- Three prominent U.S. cryptocurrency companies, Gemini, Genesis, and Digital Currency Group, were charged with defrauding investors.
- Gemini was accused of providing false information about high-interest cryptocurrency investment accounts.
- Allegations of financial manipulation and concealed losses exceeding $1 billion lead to lawsuits and customer harm.
Three prominent cryptocurrency companies in the United States have been charged by prosecutors with defrauding investors of over $1 billion.
According to New York Attorney General Letitia James, Gemini, a cryptocurrency exchange, has been accused of providing false information to customers regarding the risks associated with an investment account that promised high interest rates on cryptocurrencies.

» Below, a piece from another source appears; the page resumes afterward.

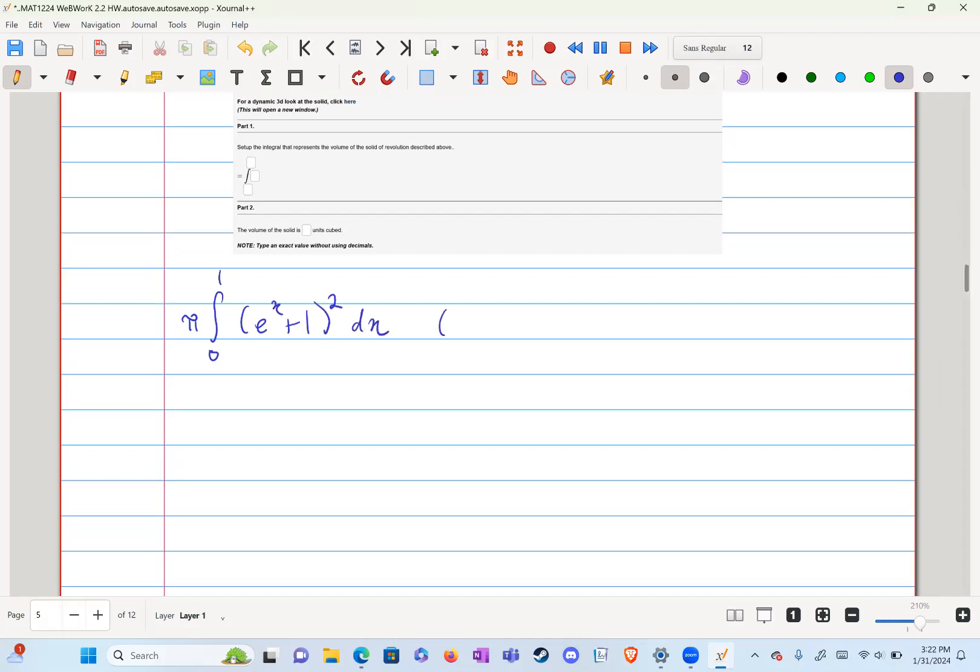Which is just e to the x plus one times e to the x plus one, which is just e to the two x plus two e to the x plus one dx.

Genesis, a cryptocurrency lending company, along with its parent company Digital Currency Group, were also implicated in the scheme. The operation came to a halt in November, resulting in the suspension of customer access to their funds.
This occurred shortly after the demise of FTX, the cryptocurrency exchange operated by Sam Bankman-Fried, who is currently facing his own legal battle on fraud charges. Genesis, a company that had extended substantial loans to Bankman-Fried’s enterprises, subsequently filed for bankruptcy a few months later.
Attorney General James stated that her case represents “another example of bad actors causing harm throughout the under-regulated cryptocurrency industry”. Additionally, both Digital Currency Group (DCG) and Gemini have expressed their intent to contest the allegations.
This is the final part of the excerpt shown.